Lately things seem to be clicking more for me, things i’ve wanted, the woman i’ve always wanted to be are happening. In thinking about that i realize that alot of that is true because of the positive reinforcement, discipline, and freedom granted me through my slavery and Master’s guidance. i’m a bit of an idealist (ok a huge idealist) and a dreamer, i come up with all sorts of plans and ideas for different things. However, historically i have lacked discipline to make any of it come true. Master helps me formulate plans, guides me into what is realistic and what kind of time & money He’s willing to let me put into something. When i get excited about new shelving or garden layouts, He helps me with the mechanics of it all and makes sure that everything is stable and safe. He makes sure i understand the commitment involved and generally allows me to move forward unless the idea is too costly for the return, dangerous or unfeasible. i honestly think one of Master’s biggest jobs is protecting me from myself.

The thing i’m learning is that the woman i’ve always wanted to be for the most part is exactly the woman He wants and the woman He encourages to grow. He’s given me the freedom to not worry about anything and turn it over to Him. Do i still worry, of course sometimes but it’s less then ever before. He’s given me the freedom and the rule to express myself, my hopes, my dreams, my fears without the fear of being rejected or degraded for them in fact i’m more highly treasured when i do.

He reinforces my getting fit/loosing weight routine just by constantly letting me know how good i’m doing. He provides discipline with small lectures and not letting me sleep in and missing a work out, even though my own desire to do so rarely happens. He reinforces my desire to be a good homemaker and slave by on occasion calling me after He eats His packed lunch letting me know how good it was. He provides structure and discpline so that i don’t overbook my time and can take great pleasure in packing His lunch or cleaning His home. The simple words “good girl” that come from Him during a new or difficult task give me enough positive reinforcement to try harder, to do better.

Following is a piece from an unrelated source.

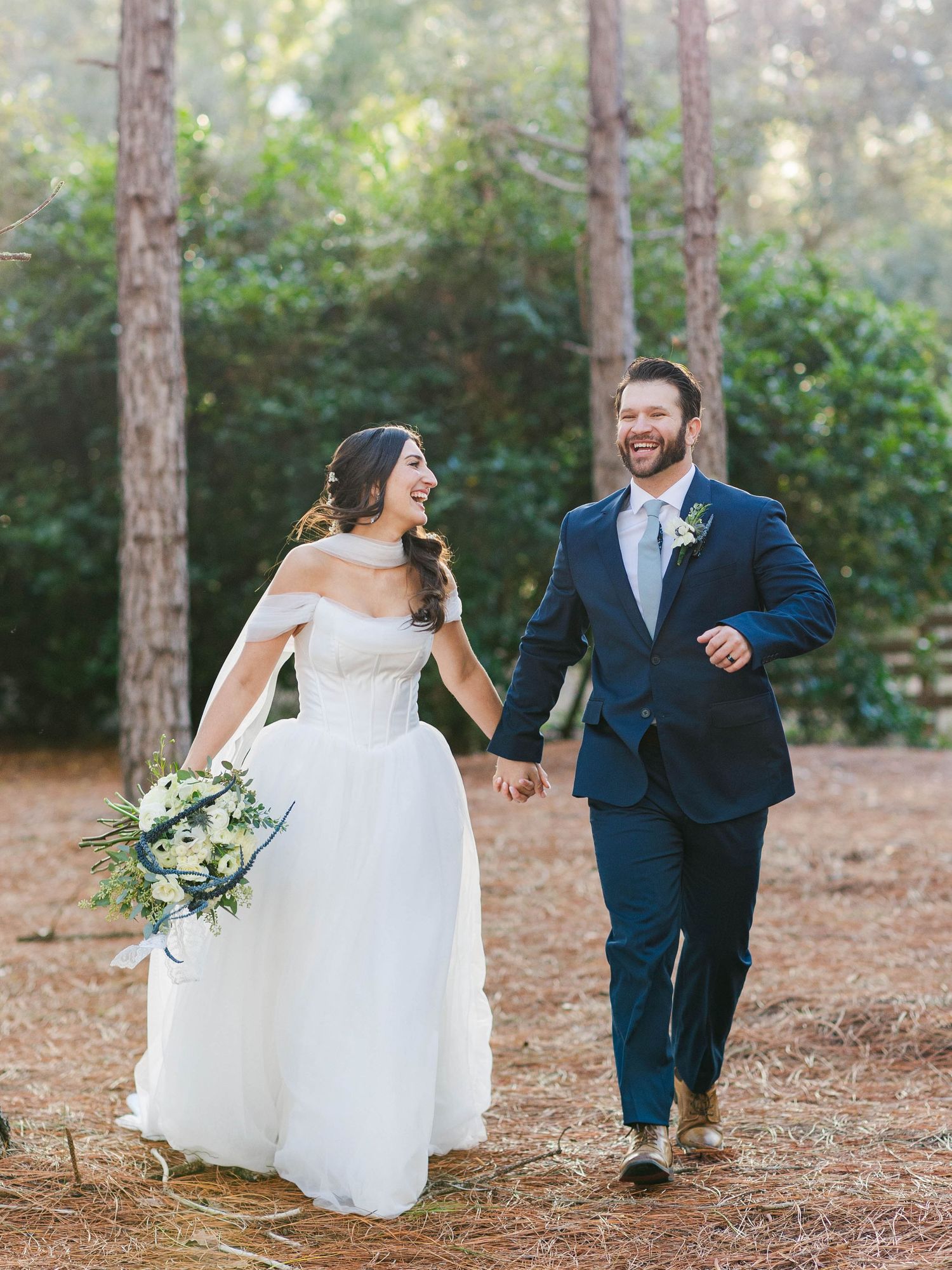 Couple in wedding attire playfully runs through a pine forest while holding hands and laughing.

Master’s rules, discipline, and of course punishment when necessary guide me into becoming the slave He desires, the slut that craves His cock, the little girl that lives for making Him smile, the assitant whose only desire to serve and make His life easier. Yet in the process of living to serve and please Him, i’ve discovered the woman i’ve always wanted to be. i’m the gardener, the homemaker, the baker, the (very) small business owner, the quilter, the seamstress, and so much more.

 

One Response to “Becoming”

  1. yourlovingsub Says:

    thank you for your wonderful post. i too am finding the woman inside of me that i think has been yearning to come out. i guess it just takes what it takes. i’m quite interest in how your Master supports you in your weight loss. i too am on a journey of weight loss and and feel better and better which helps me feel more comfortable in the bedroom when i often struggle when i often deal with body image issues. although my Master always reminds me how beautiful i am.
    My Master and i are on the same page every day, we are able to speak openly (when i ask permission of course) and we share our journey together. now if i could learn to be the seamstress/cook/writers that he encourages me to be, i’ll be right there with you.